IP Australia has recently released the Australian Intellectual Property Report 2016 which explores Australian intellectual property (IP) trends in the past year.

In 2015, IP rights have continued to grow in Australia and in particular:

  • patent applications grew by 10%;
  • trade marks grew by 14%;
  • there was the highest number of design filings on record; and
  • applications for plant breeder's rights increased by 5%.

These statistics are strong indicators that there is growing interest protecting IP in Australia.

Further, the report suggests that based on empirically tested data, businesses with IP rights tend to survive longer than those without. This highlights the importance for businesses to adequately identify their IP rights and protect those rights.

Innovation and successful commercialisation of IP rights are also beneficial to the success of a business. Innovation assists in creating new or expanding existing businesses and can be achieved through collaborations between the public research sector and businesses.

Some of the current initiatives targeted at promoting collaborations include:

Patent Analytics Hub :a service which aids Australian innovators utilise their IP, through providing insights into their technology areas, discovering collaborators and improving commercialisation;

Source IP :digital marketplace which advertises licensable patents generated by the public research sector and facilitates collaboration between business and researchers; and

Intellectual Property Government Open Data (IPGOD) : a complete database which links all IP rights to business identifiers such as ABNs and ACNs.

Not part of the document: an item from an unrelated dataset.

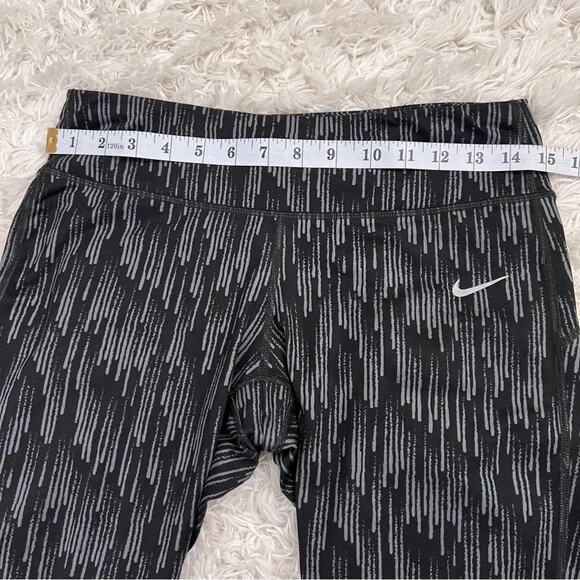 Nike Black Patterned Dri-fit Athletic Leggings Size M - Picture 9 of 10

The report confirms that Australia is a nation of innovation and this trend is likely to continue. Further, IP protection, innovation and commercialisation are vital to the wellbeing of a business. As a result, Australian businesses are reminded to:

  1. Identify any IP the business owns/has created;
  2. Ensure that these rights are adequately protected;
  3. Consider how best to commercialise these rights; and
  4. Consider the opportunities available for collaborating with the public research sector.